Apple Brandy Chicken and Squash Bake
This is a delightful meal that comes together in a snap. Perfect for wintry nights, our Apple Brandy Mustard makes a delicious baste for crispy roast chicken, savory squash and sweet apples.
1 acorn squash
3 lb. mixed chicken thighs and drumsticks, skin on
3 tablespoons olive oil
¾ jar Apple Brandy Mustard
Sea salt and freshly cracked pepper
3 apples, cored and sliced
2 tablespoons butter
Handful of fresh sage leaves
Preheat the oven to 425F. Halve your acorn squash and scoop out the filling. Then slice the squash into ½ inch thick slices, lengthwise.

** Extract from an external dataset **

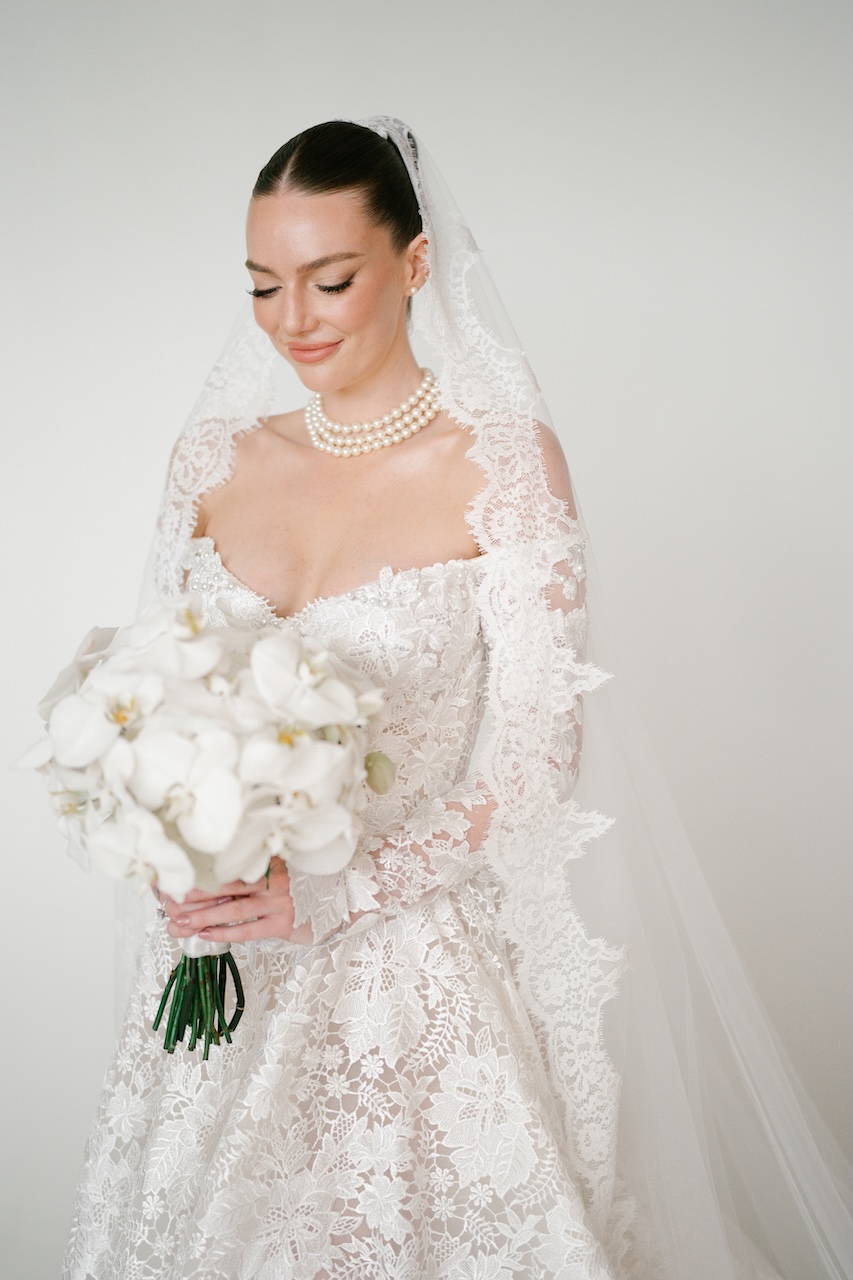 Koh Samui wedding at Samujana Villas - wedding photography by Vasana Studio | 36_2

Line 2 baking sheets with non-stick aluminum foil. Rub olive oil over sliced squash and chicken and add to the baking tray. Brush with Apple Brandy Mustard and season with salt and pepper. There will be some remaining for a second basting. Bake for 15 minutes.
Add in the apples and baste again. Finish baking for 20 minutes until the chicken is cooked through. To test the chicken, prick the underside of a thigh with a pairing knife. When the juices run clear, it is done.
Meanwhile, add your butter to a medium sized frying pan and heat on medium high until melted and hot. Add your sage leaves and fry until crisp and golden brown at the edges (under 1 minute). Transfer gently to a paper towel lined plate.
To serve, top squash and chicken with fried sage leaves.